I see the Big Ten flexing its muscle and making more raids. The Big Ten has raided the Big 12, Big East, and ACC, why stop there and not raid you biggest rival the SEC and strike while the iron is hot.

If the Big Ten wanted to expand to 20 schools and enhance the Big Ten network, the Big Ten could raid the SEC for Missouri, Vanderbilt and Kentucky and then come back for Virginia, North Carolina and Duke to have a complete easy boundary from Missouri through Tennessee and to the shores of the Carolinas and everything north to Canada.

Ok we could then have four 5 school pods of the following.

West Pod: Missouri, Nebraska, Iowa, Minnesota, Wisconsin

North Pod: Illinois, Northwestern, Purdue, Indiana, Kentucky

East Pod: Penn State, Rutgers, Ohio State, Michigan State, Michigan

South Pod: Maryland, Virginia, North Carolina, Duke, Vanderbilt


Shouldn't this be on the Dream Conference thread. ;) I'll give you Missouri but Kentucky and Vanderbilt :roll:

Seanbo,
A few short years ago almost all of the post on this board would have been targeted for the Dream thread. In these days anything is possible.

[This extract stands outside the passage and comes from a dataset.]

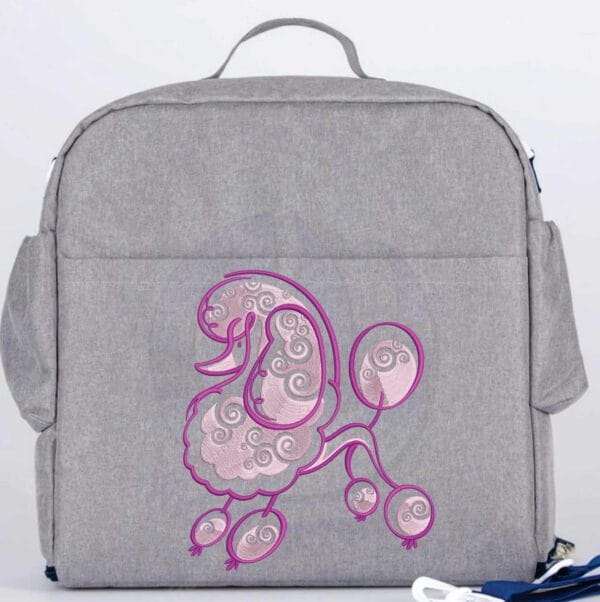 Poodle embroidery design from www.widoembroidery.com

Do you realize how much money Vanderbilt could make in academics alone with membership in the Big Ten just saying?

Vanderbilt could decide to buck the trend and option to keep old academic rivals and keep getting the crap beat out of them by football first schools or join a conference they have a lot in common due to academics.

Ditto Kentucky which would have great basketball rivalries with nearby Indiana and North Carolina in this 20 member scenario. Not sure Kentucky would fit the academic profile of the Big Ten?

Since Vanderbilt is or should be academic first and Kentucky is or should be basketball first, the Big Ten is not a dream if the conference wanted to expand into those states and markets.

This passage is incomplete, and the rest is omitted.